> Your objective: Among the entries below, find the lines holding "Gold" and copy them.
--- --- ---
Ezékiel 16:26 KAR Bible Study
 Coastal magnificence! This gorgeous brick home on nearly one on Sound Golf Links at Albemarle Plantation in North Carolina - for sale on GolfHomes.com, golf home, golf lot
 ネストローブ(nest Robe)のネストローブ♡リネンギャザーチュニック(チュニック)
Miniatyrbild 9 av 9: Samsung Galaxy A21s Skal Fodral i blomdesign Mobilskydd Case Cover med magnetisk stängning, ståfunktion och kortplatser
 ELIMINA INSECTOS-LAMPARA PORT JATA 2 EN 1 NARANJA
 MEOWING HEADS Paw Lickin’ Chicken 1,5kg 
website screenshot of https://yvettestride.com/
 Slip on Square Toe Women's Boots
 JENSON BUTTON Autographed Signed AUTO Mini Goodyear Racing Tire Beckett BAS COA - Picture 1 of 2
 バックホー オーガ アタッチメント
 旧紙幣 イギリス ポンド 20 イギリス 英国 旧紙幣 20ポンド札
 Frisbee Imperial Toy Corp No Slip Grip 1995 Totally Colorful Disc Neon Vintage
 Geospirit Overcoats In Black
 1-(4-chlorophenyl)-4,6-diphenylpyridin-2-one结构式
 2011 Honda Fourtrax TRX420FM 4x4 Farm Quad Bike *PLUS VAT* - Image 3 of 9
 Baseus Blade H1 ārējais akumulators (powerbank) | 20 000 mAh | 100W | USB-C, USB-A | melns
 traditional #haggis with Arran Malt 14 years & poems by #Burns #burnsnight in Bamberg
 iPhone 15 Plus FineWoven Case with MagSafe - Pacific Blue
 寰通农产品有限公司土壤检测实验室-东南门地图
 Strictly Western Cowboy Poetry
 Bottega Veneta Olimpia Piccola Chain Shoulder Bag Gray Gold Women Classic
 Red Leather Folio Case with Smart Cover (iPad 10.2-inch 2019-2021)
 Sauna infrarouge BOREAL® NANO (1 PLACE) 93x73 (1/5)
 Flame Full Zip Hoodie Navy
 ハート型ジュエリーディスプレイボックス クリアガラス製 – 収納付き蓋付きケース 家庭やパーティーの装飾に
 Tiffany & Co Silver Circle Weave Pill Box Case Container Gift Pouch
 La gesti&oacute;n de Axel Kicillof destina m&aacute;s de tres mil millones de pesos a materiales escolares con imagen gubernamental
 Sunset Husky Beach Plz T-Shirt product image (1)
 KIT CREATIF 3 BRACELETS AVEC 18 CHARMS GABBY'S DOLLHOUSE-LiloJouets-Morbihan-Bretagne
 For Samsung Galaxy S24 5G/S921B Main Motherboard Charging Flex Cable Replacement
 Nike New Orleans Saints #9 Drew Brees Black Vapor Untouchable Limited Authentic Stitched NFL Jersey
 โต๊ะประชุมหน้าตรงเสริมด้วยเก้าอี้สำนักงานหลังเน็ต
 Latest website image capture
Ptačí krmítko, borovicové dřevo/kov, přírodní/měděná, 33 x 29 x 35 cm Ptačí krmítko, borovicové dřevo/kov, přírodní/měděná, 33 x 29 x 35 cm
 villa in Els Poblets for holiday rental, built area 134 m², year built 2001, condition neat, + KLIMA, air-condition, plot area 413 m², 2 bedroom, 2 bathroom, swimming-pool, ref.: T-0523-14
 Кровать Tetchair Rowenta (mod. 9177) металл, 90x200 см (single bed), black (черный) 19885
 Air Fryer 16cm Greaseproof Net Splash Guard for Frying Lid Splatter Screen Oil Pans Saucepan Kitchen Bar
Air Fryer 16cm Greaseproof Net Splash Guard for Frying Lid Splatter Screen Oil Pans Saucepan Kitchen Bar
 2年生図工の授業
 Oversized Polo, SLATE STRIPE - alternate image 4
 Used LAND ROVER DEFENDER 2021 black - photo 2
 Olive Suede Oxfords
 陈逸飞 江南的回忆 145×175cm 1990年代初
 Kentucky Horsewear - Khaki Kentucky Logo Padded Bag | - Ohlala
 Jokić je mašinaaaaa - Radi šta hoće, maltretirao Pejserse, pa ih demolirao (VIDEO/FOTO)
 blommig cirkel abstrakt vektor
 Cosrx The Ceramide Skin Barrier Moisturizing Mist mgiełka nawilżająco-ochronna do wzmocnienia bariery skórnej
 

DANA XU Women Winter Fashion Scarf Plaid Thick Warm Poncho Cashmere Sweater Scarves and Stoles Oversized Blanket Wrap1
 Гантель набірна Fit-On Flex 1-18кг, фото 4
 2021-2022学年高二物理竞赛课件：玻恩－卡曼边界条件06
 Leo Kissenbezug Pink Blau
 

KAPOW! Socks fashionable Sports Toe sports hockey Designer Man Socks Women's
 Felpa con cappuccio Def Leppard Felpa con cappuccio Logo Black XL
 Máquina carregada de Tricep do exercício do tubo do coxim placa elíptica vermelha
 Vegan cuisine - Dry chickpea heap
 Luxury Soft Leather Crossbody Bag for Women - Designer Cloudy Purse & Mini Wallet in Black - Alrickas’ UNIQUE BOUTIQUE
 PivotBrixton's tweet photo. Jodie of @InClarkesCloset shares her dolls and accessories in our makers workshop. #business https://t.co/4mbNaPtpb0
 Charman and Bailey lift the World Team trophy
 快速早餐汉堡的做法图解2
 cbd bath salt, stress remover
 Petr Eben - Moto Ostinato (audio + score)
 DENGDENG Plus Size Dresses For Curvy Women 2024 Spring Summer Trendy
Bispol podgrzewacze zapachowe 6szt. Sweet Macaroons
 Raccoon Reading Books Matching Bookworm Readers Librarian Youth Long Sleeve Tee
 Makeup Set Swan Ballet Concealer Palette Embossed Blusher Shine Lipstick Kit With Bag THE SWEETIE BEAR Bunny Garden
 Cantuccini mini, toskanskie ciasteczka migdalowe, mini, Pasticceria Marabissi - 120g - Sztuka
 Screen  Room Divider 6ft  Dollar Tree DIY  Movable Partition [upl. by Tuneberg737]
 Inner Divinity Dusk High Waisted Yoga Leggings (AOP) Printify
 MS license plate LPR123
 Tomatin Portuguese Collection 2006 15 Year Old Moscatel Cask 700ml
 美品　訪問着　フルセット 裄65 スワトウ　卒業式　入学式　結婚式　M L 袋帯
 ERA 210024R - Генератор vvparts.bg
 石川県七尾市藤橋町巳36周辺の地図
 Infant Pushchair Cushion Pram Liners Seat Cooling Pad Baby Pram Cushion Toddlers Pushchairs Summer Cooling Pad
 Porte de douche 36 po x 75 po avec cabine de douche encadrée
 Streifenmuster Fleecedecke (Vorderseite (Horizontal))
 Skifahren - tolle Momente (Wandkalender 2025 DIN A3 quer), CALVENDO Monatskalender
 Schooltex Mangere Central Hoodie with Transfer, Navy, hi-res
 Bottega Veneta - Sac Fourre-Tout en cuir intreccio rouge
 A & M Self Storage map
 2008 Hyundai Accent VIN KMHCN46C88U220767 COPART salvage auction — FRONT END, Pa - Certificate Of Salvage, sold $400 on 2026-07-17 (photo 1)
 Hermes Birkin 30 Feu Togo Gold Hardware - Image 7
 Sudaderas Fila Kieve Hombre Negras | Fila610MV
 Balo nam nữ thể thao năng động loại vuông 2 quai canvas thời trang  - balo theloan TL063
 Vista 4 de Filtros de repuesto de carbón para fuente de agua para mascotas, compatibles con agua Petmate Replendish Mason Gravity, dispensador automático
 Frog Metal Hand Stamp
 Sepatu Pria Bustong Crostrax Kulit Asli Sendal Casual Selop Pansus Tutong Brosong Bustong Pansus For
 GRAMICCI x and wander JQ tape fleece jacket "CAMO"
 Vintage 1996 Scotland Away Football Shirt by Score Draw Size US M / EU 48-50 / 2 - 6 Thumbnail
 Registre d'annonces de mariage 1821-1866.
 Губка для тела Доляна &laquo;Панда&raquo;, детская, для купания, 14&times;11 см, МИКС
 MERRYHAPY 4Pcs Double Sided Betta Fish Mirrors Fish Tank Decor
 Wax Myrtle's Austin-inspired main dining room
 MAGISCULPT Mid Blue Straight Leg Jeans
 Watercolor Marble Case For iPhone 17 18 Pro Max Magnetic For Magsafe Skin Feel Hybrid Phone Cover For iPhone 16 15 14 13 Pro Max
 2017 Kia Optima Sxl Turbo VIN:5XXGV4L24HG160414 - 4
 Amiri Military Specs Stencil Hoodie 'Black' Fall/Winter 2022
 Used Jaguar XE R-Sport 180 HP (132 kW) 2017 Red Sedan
--- --- ---
> Solution for this task:
 Bottega Veneta Olimpia Piccola Chain Shoulder Bag Gray Gold Women Classic
 Hermes Birkin 30 Feu Togo Gold Hardware - Image 7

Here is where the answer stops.